To the editor:
Highland Cemetery is an integral part of the landscape in our neighborhood. Its use is not limited to our neighborhood. A truly multi-use, city-owned property, it is a place of burial, history, wildlife and dog walkers. Its real role in our community is a place of solace for families.
Attitudes toward cemeteries are changing. In the future, they may be some of the last open spaces cities will have. It is important for us to remember what roles they serve. Most cemeteries are fenced in. The fencing acts as a reminder it’s a place to enter with respect. It serves as a metaphor for marking the boundaries between the living and the dead.
This summer, the city took down the fencing along Hill Street. Now, the cemetery is more like a scene from Thornton Wilder’s “Our Town,” which is appealing as well. A neighborhood group — the Highland Cemetery Commission — has recommended to the city the fence not be replaced.

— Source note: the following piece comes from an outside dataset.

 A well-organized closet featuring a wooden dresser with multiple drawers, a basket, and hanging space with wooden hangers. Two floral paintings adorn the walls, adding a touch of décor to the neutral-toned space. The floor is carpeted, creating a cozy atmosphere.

The city’s budget only allows for chain link. Granted, it is not as visually appealing as a stone wall or wrought iron.
I would like to appeal to the people outside of our neighborhood to ask for their opinion. If you have family buried there, would you rather the property fenced? Does it make you feel more comfortable knowing a fence makes people respect the area? Already, people enter the area anywhere along the street. Fall is here — leaves will no longer be contained. Who will be responsible for the cleanup? What about keeping the area for its use as a final resting place and not a place for after-hours shenanigans? What about the development in the back area of the cemetery — will the city need to consider fencing along the edge where David Hall will be developing? Should the budgeted money for fencing be saved for this area? (There are gravestones along this edge of the property as well.)
There will be a meeting about the fencing on Wednesday, Oct. 9, 7 p.m. in the mayor’s conference room. If you have any comments to share about the cemetery, please reach out to Mayor Holaday or our ward councilor, Robert Cronin, or even better, consider attending and letting your voice be heard as well.